EXCERPTED DATA:
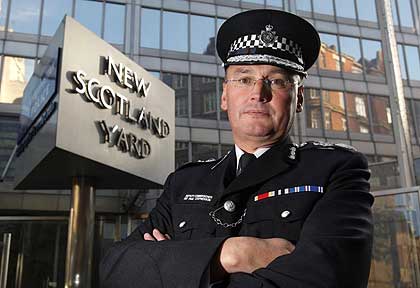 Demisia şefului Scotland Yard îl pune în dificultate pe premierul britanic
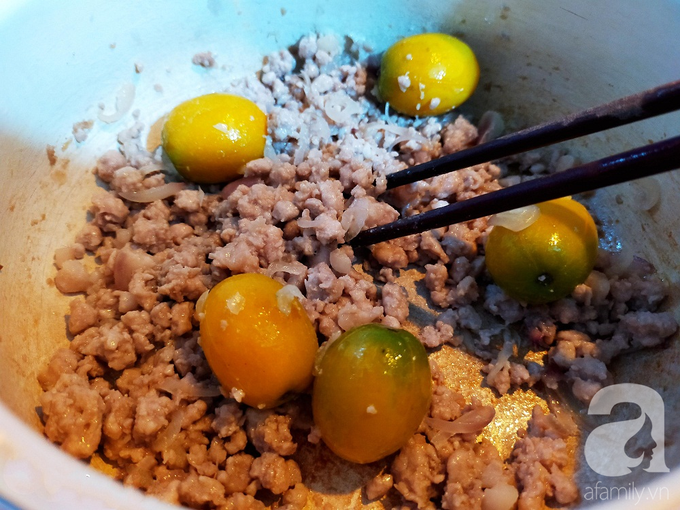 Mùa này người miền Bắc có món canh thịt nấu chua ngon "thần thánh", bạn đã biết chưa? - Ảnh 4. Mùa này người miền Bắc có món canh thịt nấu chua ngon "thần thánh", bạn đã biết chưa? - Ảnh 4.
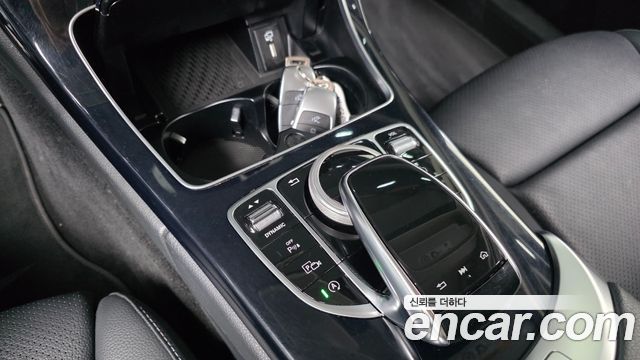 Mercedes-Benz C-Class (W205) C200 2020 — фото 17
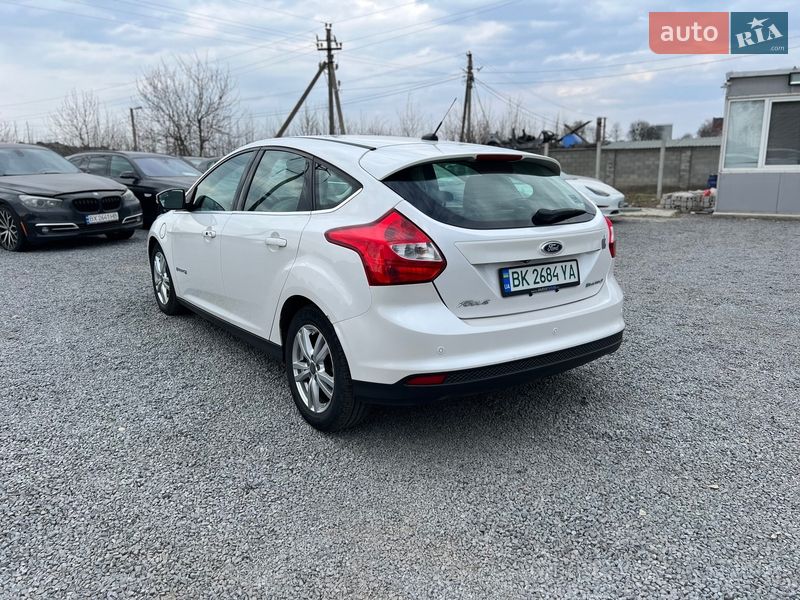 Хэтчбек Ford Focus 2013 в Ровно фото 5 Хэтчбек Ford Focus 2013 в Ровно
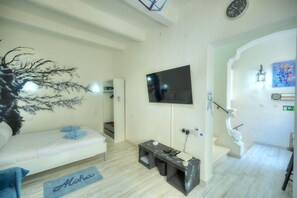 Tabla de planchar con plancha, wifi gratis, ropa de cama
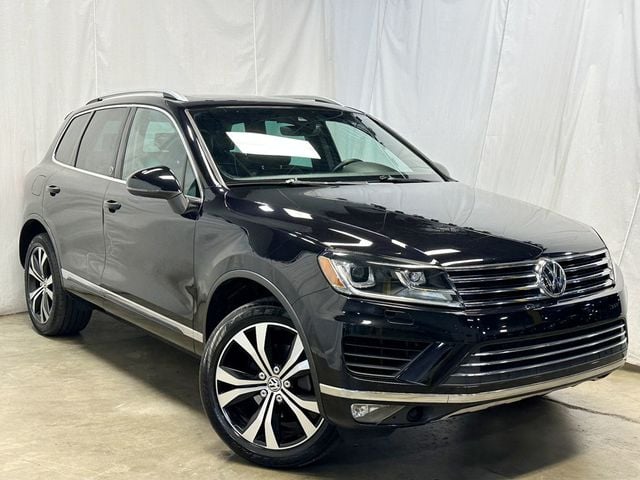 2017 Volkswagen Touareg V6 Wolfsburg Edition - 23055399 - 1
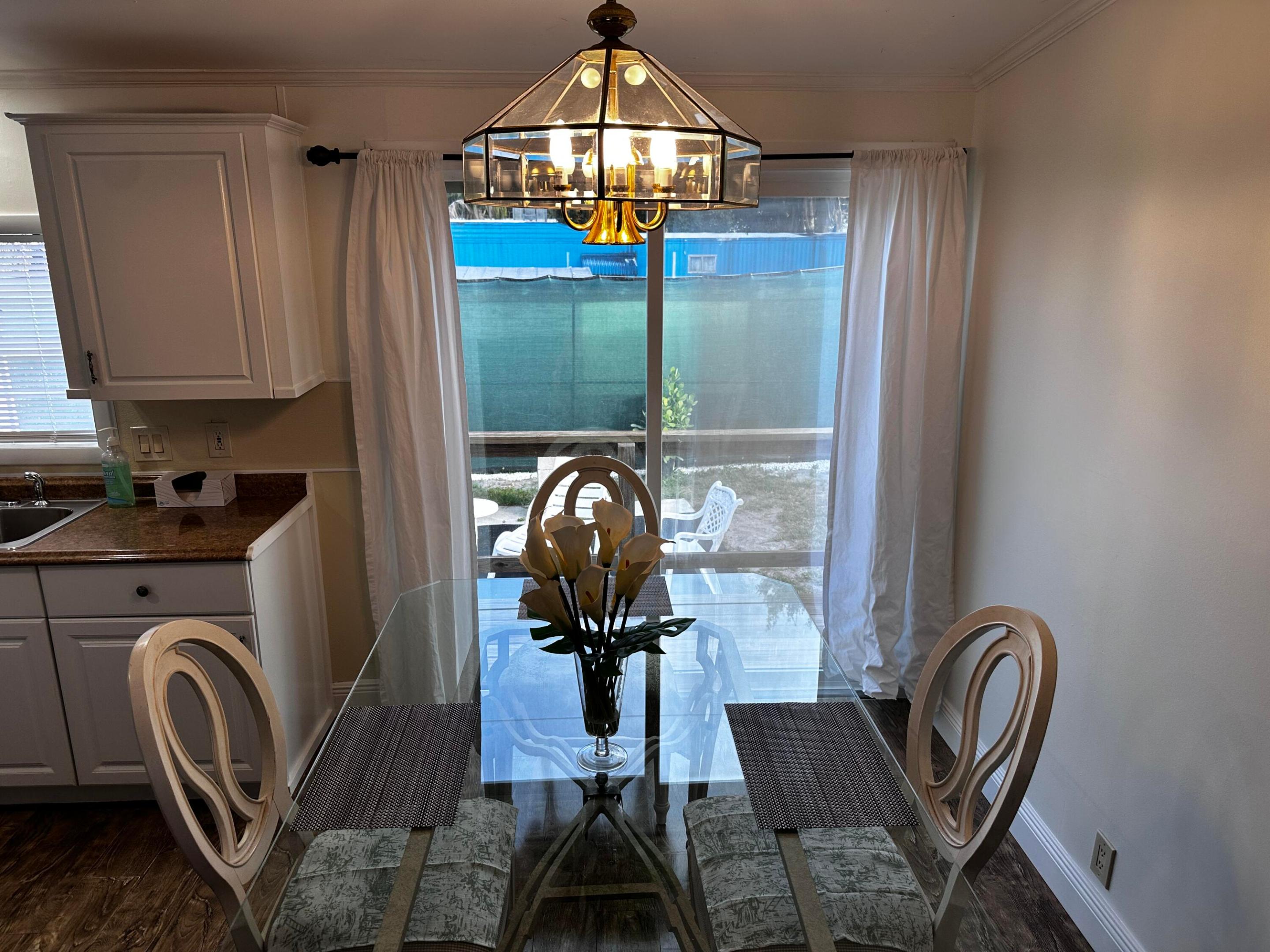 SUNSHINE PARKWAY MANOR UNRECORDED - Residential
...
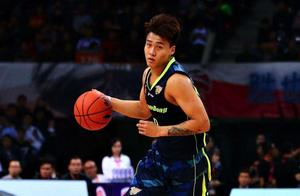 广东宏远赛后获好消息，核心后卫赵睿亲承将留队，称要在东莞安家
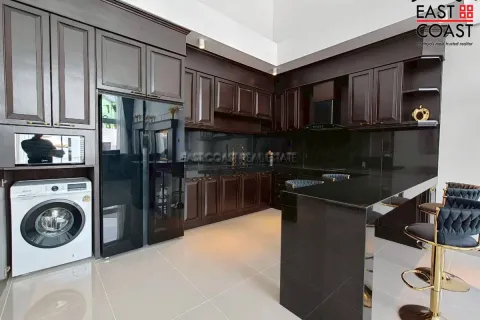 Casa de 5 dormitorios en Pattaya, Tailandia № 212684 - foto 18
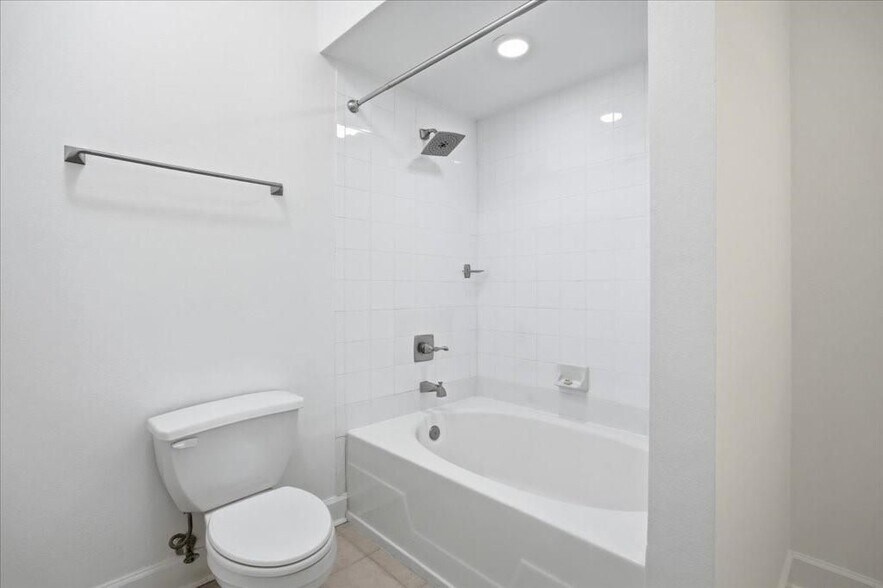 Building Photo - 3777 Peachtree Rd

REQUIRED WORK: In the listing above, find the line holding "Casa de 5 dormitorios" and the line holding "Building Photo - 3777 Peachtree Rd". Reproduce those two lines and all between them exactly, leaving out pictures.

EXERCISE ANSWER:
 Casa de 5 dormitorios en Pattaya, Tailandia № 212684 - foto 18
 Building Photo - 3777 Peachtree Rd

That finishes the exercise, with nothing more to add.